Susskind responded to the criticism by acknowledging that there are problems in that part of China, but said that tourism and hospitality are among the largest sectors of the Chinese economy. “Because we dominate in hospitality education, we want to be a part of that (referring to development in China).”
Susskind did not respond to The Free Beacon’s request for comment.
The Clarion project, a Washington, D.C., nonprofit, said in September 2019 that it had found from U.S. Department of Education records that more than $10 billion had flowed to U.S. universities from foreign entities since 2012. Of that amount, $680 million came from the Chinese Communist government and went to 87 U.S. universities.

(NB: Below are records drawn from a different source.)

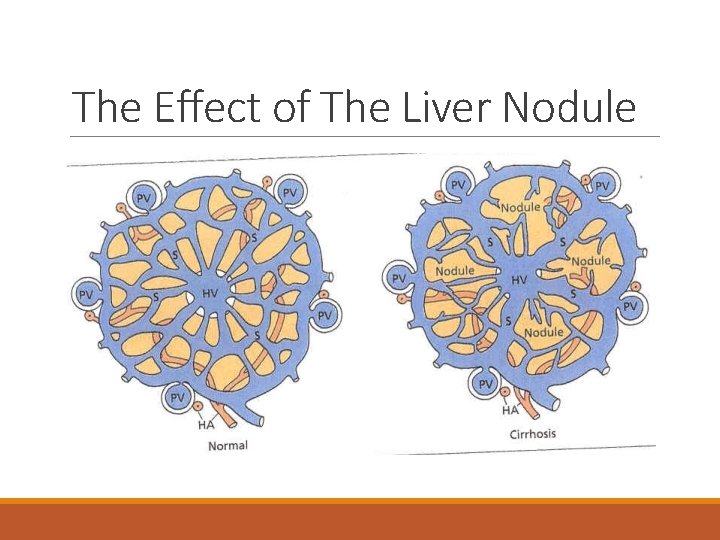 The Effect of The Liver Nodule 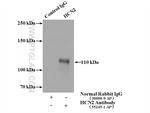 HCN2 Antibody in Immunoprecipitation (IP)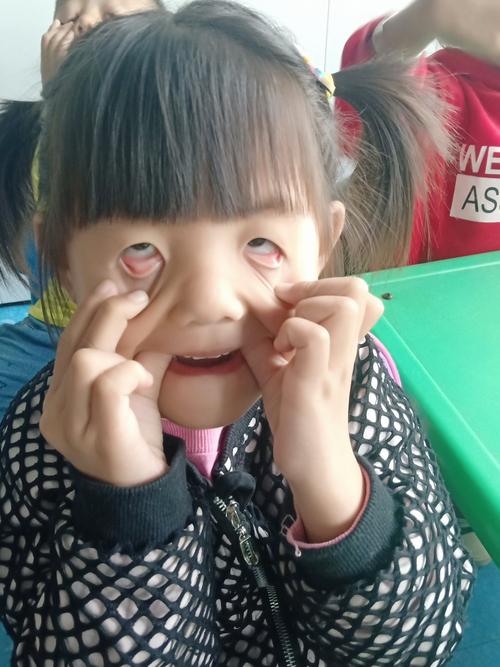 3岁小女孩对着镜子扯自己眼皮的实拍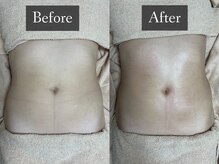 ベルフィーヌ 恵比寿店(BELFINE)/楽してボディメイク！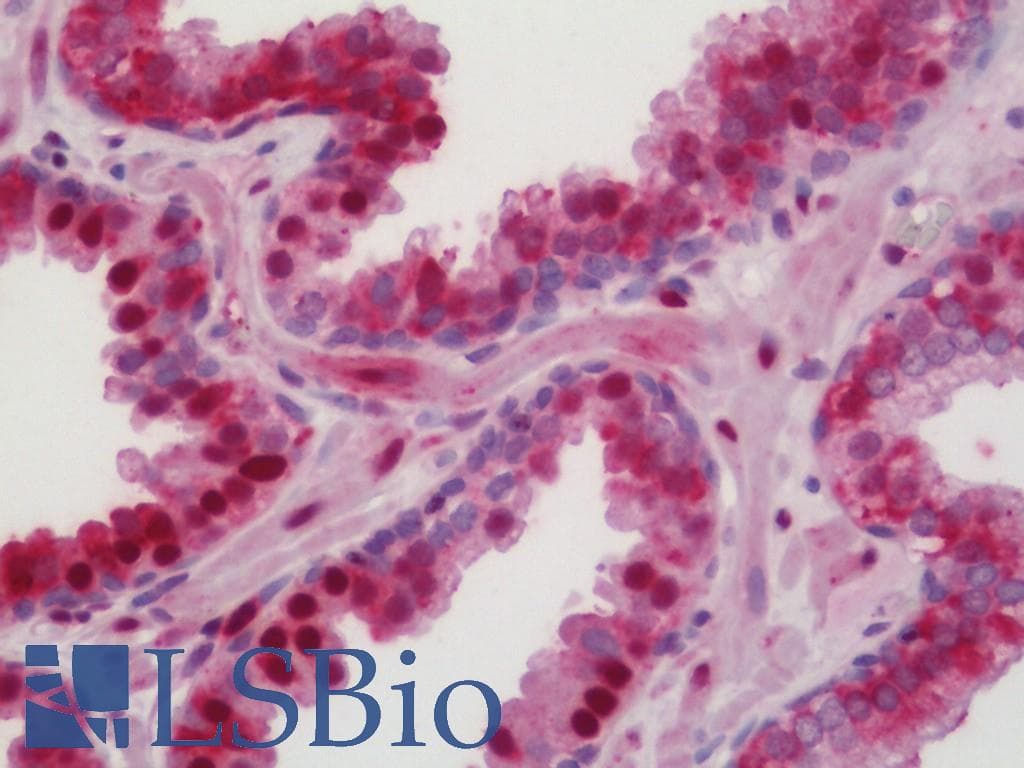 IHC-plus™ DNAL4 / Dynein Light Chain 4 Antibody (aa1-50)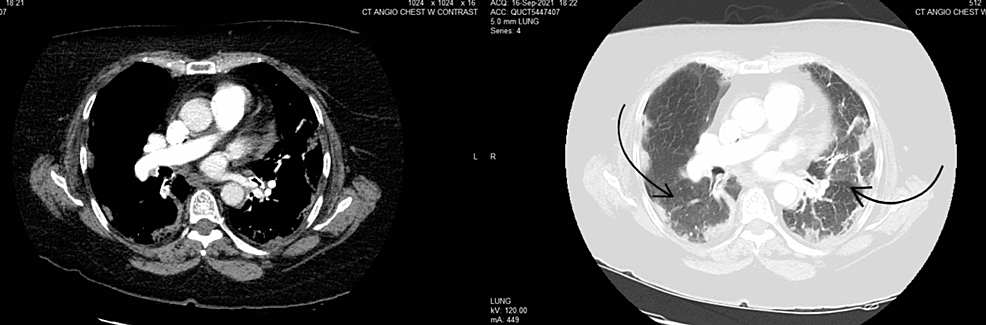 CT-angiogram:-bilateral-multifocal-pneumonia-(black-arrows)-with-no-evidence-of-acute-pulmonary-embolism.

U.S. Professors’ Attitudes Toward Communist China Have Shifted
According to the report, the backlash against the program by Cornell professors stems from a recent shift in attitudes toward China (the Chinese Communist Party) in the U.S. academic community. Whereas a decade ago, many believed that increased academic engagement with China was beneficial because it might expose the next generation of Chinese elites to democratic ideals, today professors are questioning whether Cornell should have any ties to Beijing.
The report says the shift is the result of the American people’s growing awareness of the Chinese Communist Party’s repression, which is not only taking place in Xinjiang, but also at China’s elite universities. Cornell professors say the Communist authorities routinely suppress academic freedom on Chinese campuses, including at Beijing University, where authorities kidnap students and subject them to inhumane interrogation techniques for speaking out about their views on labor issues in China.
Professor Magnus Fiskesjö, a Cornell University anthropologist who studies Uighur issues, told the Free Beacon that these Chinese universities are often under the direct control of the Chinese (Communist) state, which instructs them to violate academic freedom and other human rights.
“I think this joint degree program is not a good idea because all these (Chinese) universities are similar in that they are all under government control,” Fiskesjö said. Fiszger said.
University’s defense of collaboration backfires
Cornell administrators countered the professors’ concerns by pointing to several ethics agreements with Chinese universities, saying the agreements would protect the academic freedom of students and faculty in the programs.
Friedman, former chairman of the China Ethics Engagement Committee, is not convinced that the provisions in these ethics documents will be actually enforced.
“We have good principles that are embodied in the university’s core values statement and in the guidelines for ethics and international engagement,” Friedman said at a March 10 faculty meeting, “and they need to be rigorously enforced, and right now, they’re not being enforced. “
The university responded to the Beacon of Freedom’s detailed list of questions with a statement from Provost Kotlikoff. In his statement, the provost was only able to repeat his assertion that the review of ethical aspects is the responsibility of the administration, not the Faculty Senate.
“My suggestion is that, going forward, the full faculty senate could focus on more general recommendations.” Kotlikoff said.
The faculty senate will take a non-binding vote on the issue March 17. Administrators could move forward with the plan even if professors disapprove, but the stakes are high. If faculty members vote against the joint degree program, they could also oppose many of Cornell’s other programs in China.